The problem
Leaving out the pictures, transcribe all of the records faithfully.

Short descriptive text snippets
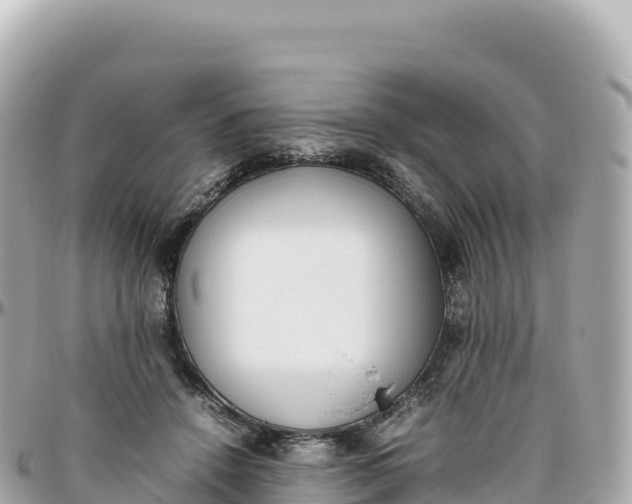 X0000095890456200801251206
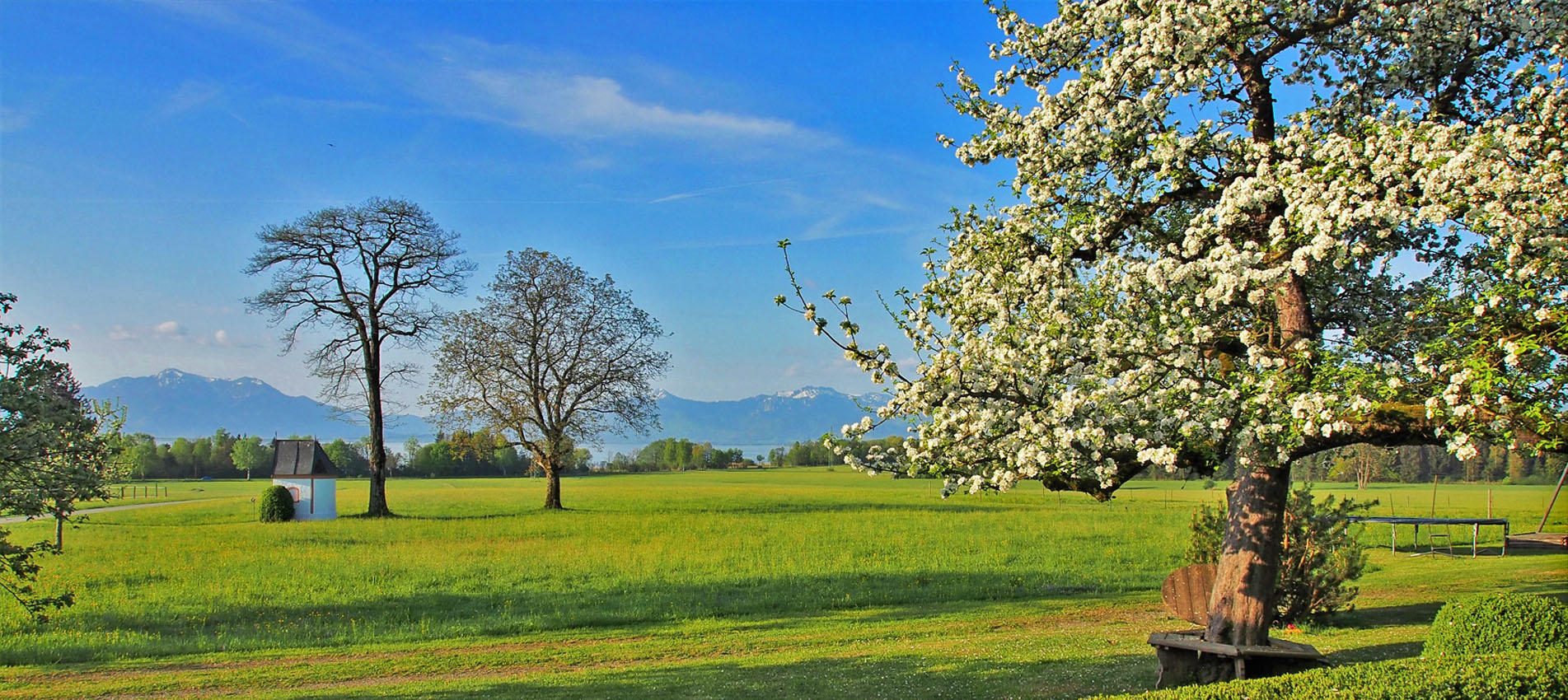 Ferien Bauernhof: Blick von der Terrasse bis zum Chiemsee und die südlich gelegenen Alpen - Moier-Hof LEX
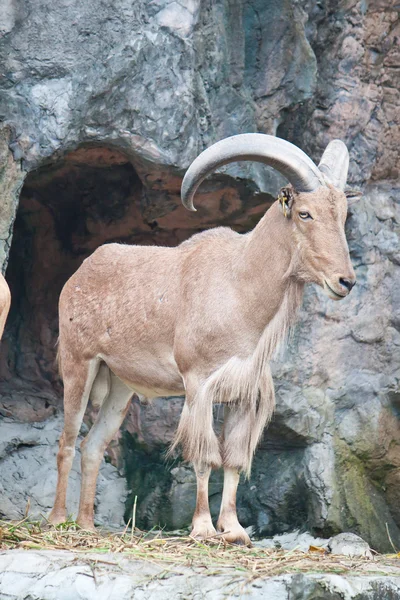 Brown mountain goat — Stock Photo, Image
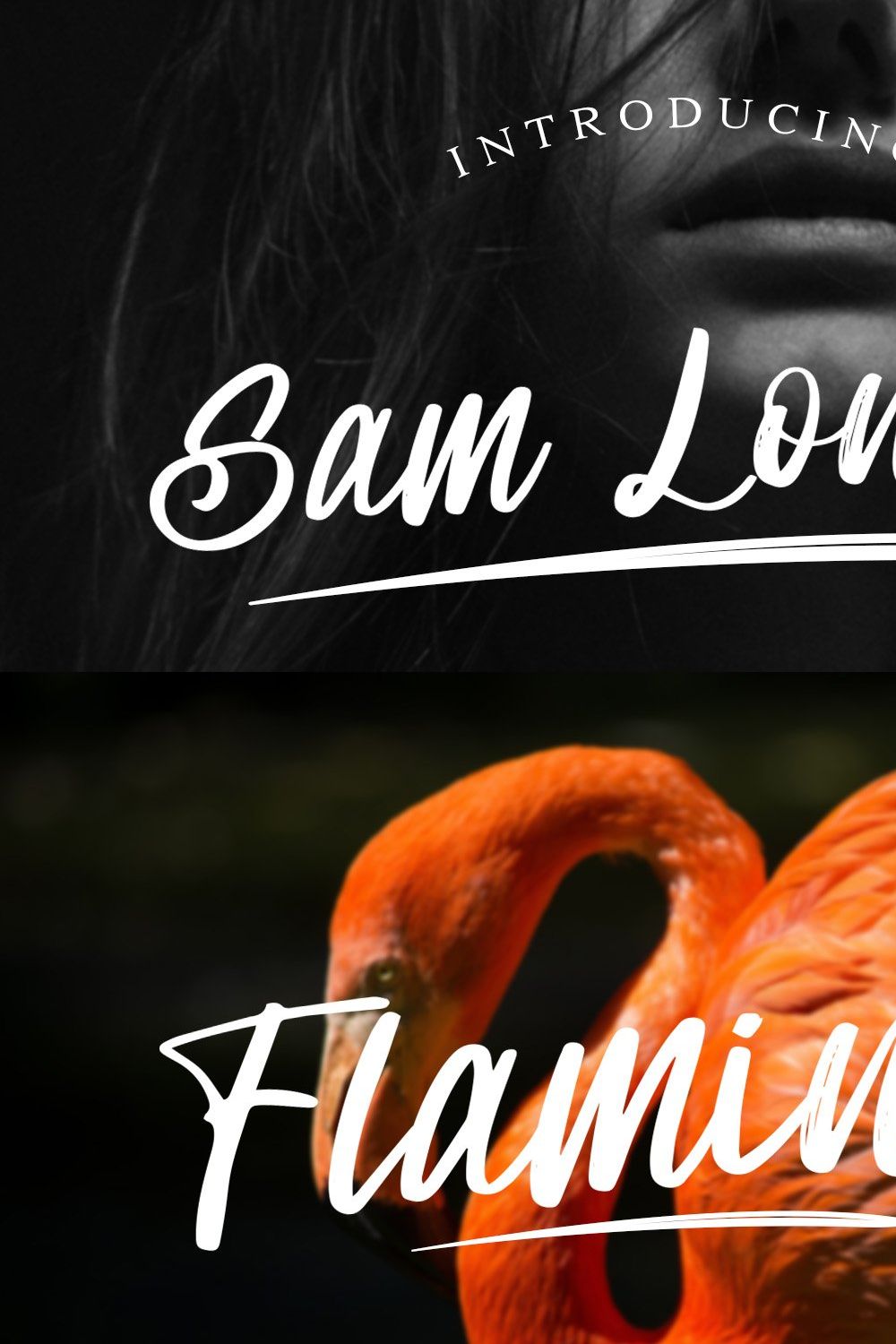 Sam Lonica - Script Font pinterest preview image.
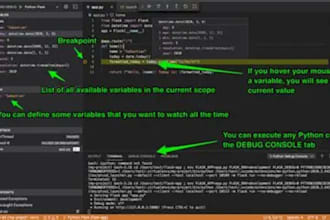 provide expert python code review and testing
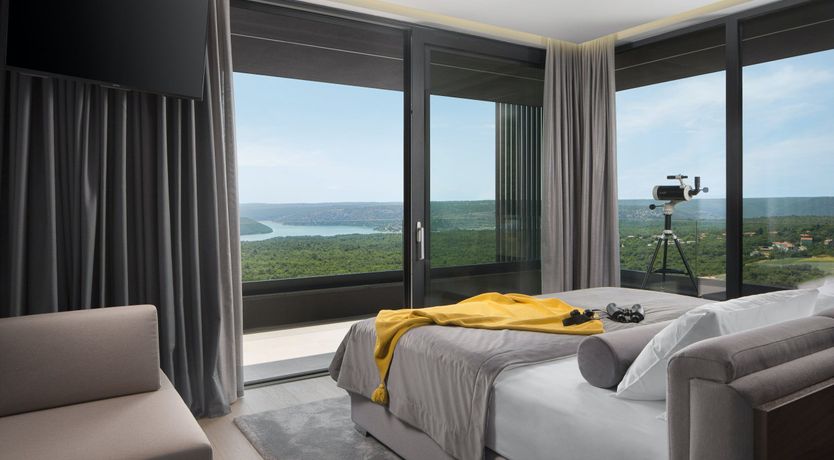 Photo of The Tomato Tree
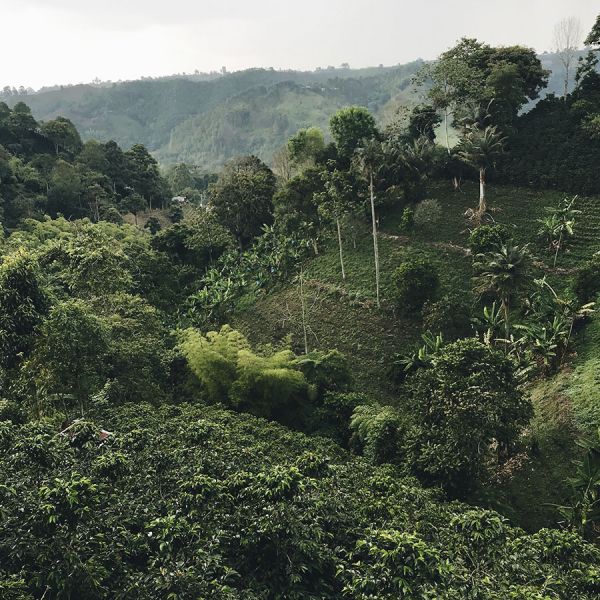 Colombia José Orlando C4P - Limited Edition - Espresso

Response for this exercise
 X0000095890456200801251206
 Ferien Bauernhof: Blick von der Terrasse bis zum Chiemsee und die südlich gelegenen Alpen - Moier-Hof LEX
 Brown mountain goat — Stock Photo, Image
 Sam Lonica - Script Font pinterest preview image.
 provide expert python code review and testing
 Photo of The Tomato Tree
 Colombia José Orlando C4P - Limited Edition - Espresso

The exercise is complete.